WWDC22 · 30 min · Graphics & Games / AI & Machine Learning

Accelerate machine learning with Metal

Discover how you can use Metal to accelerate your PyTorch model training on macOS. We’ll take you through updates to TensorFlow training support, explore the latest features and operations of MPS Graph, and share best practices to help you achieve great performance for all your machine learning needs. For more on using Metal with machine learning, watch "Accelerate machine learning with Metal Performance Shaders Graph" from WWDC21.

Watch at developer.apple.com ↗

Transcript all transcripts

Code shown on screen · 19 snippets

Install PyTorch using pip bash · at 3:44 ↗

python -m pip install torch

Create the MPS device python · at 3:59 ↗

import torch

mpsDevice = torch.device("mps" if torch.backends.mps.is_available() else “cpu”)

Convert the model to use the MPS device python · at 4:15 ↗

import torchvision

model = torchvision.models.resnet50()

model_mps = model.to(device=mpsDevice)

Run the model python · at 4:46 ↗

sample_input = torch.randn((32, 3, 254, 254), device=mpsDevice)

prediction = model_mps(sample_input)

TensorFlow MetalStream protocol objectivec · at 9:27 ↗

@protocol TF_MetalStream

- (id <MTLCommandBuffer>)currentCommandBuffer;
- (dispatch_queue_t)queue;
- (void)commit;
- (void)commitAndWait;

@end

// Register the operation
REGISTER_OP("ZeroOut")
    .Input("to_zero: int32")
    .Output("zeroed: int32")
    .SetShapeFn([](::tensorflow::shape_inference::InferenceContext* c) {
      c —> set_output(0, c —> input(0));
      return Status::OK();
    });

Implement a custom operation objectivec · at 10:41 ↗

// Define Compute function
void MetalZeroOut::Compute(TF_OpKernelContext *ctx) {
     // Get input and allocate outputs
     TF_Tensor* input = nullptr;
     TF_GetInput(ctx, 0, &input, status);
     TF_Tensor* output;
     OP_REQUIRES_OK(ctx, ctx->allocate_output(0, input.shape(), &output));

    // Use TF_MetalStream to encode the custom op
    id<TF_MetalStream> metalStream = (id<TF_MetalStream>)(TF_GetStream(ctx, status));
    dispatch_sync(metalStream.queue, ^() {
              id<MTLCommandBuffer> commandBuffer = metalStream.currentCommandBuffer;
              // Create encoder and encode GPU kernel
             [metalStream commit];
    }

    // Delete the TF_Tensors
    TF_DeleteTensor(input);
    TF_DeleteTensor(output);
}

Import a custom operation python · at 11:30 ↗

# Import operation in python script for training
import tensorflow as tf
zero_out_module = tf.load_op_library('./zero_out.so')
print(zero_out_module.zero_out([[1, 2], [3, 4]]).numpy())
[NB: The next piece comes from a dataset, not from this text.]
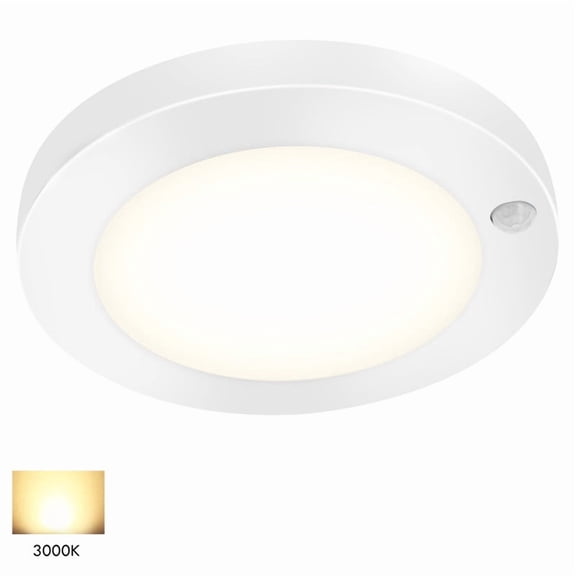 Lucere Motion Sensor LED Ceiling Light, 6inch 120V LED Flush Mount Round Lighting Fixture, 10W 700lm LED Closet Light for Indoor/Outdoor, Porches, Closet Rooms, Stairs, Hallways, 3000K Warm White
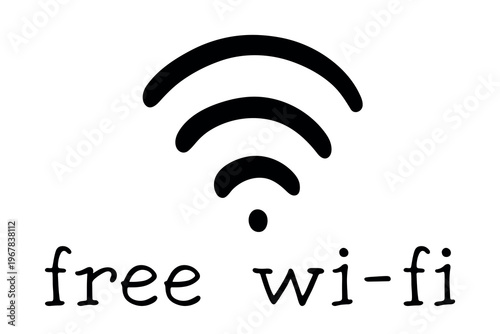 Hand drawn free wifi spot zone sign Public wi-fi area sign Wireless internet clipart in doodle style Single element for print, web, design, decor 3G, 4G, 5G, 6G, IoT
Using shared events swift · at 19:29 ↗

// Using shared events
let executionDescriptor = MPSGraphExecutionDescriptor()
let event = MTLCreateSystemDefaultDevice()!.makeSharedEvent()!
executionDescriptor.signal(event, atExecutionEvent: .completed, value: 1)

let fetch = computeGraph.runAsync(with: commandQueue1,
                                  feeds: [input0Tensor: input0),
                                          input1Tensor: input1],
                                  targetTensors: [finalTensor],
                                  targetOperations: nil,
                                  executionDescriptor: executionDescriptor)

let executionDescriptor2 = MPSGraphExecutionDescriptor()
executionDescriptor2.wait(for: event, value: 1)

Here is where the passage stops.